- Active: 1941–45
- Country: Japan
- Branch: Imperial Japanese Army
- Size: One mixed regiment with supporting units
- Engagements: World War II Philippines campaign (1941–1942); New Britain campaign;

= 65th Independent Mixed Brigade =

The 65th Independent Mixed Brigade was an infantry brigade of the Imperial Japanese Army raised during World War II. The brigade was formed as the 65th Brigade in 1941 from a previously existing independent infantry group. It undertook garrison duties on Formosa and then took part in the fighting in the Philippines in 1942. Later, the brigade was dispersed and elements took part in the New Britain campaign. Late in the war, it was converted into an independent mixed brigade to undertake home defense in Japan.

==History==
Formed as the 65th Brigade in early 1941 in Hiroshima, Japan, it was raised from the previously existing 65th Independent Infantry Group, which had itself been raised in 1940–1941 and consisted of the 122nd, 141st and 142nd Infantry Regiments. Upon its conversion to a brigade, the formation received a small number of support units. After occupying Formosa, the brigade fought in the Philippines, as part of the Japanese Fourteenth Area Army.
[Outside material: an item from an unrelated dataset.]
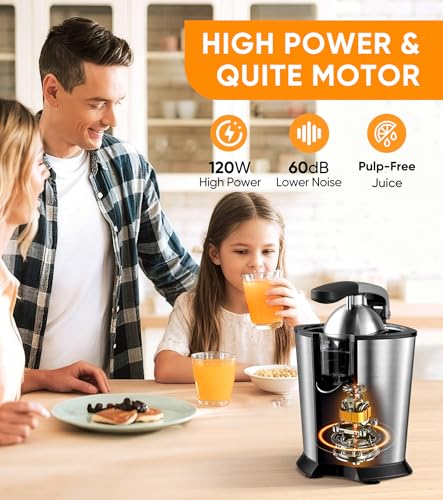 Electric Orange Juicer Squeezer with 2 Cones & Soft Grip Handle - Black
Following the decision to reinforce the New Guinea area, in November and December 1942, the brigade was dispersed, with one regiment (the 141st) along with the brigade headquarters and half its supporting elements moving to Rabaul to become part of the 18th Army; meanwhile other elements of the brigade were sent to other locations. Its first commander was Major General Nara Akira. Under Major General Iwao Matsuda, the brigade's main element—the 141st Infantry Regiment—later took part in the Battle of Cape Gloucester, during the New Britain campaign, in late 1943 before withdrawing towards Rabaul. According to Gordon Rottman, around this time the brigade was "dissolved" and its units reassigned.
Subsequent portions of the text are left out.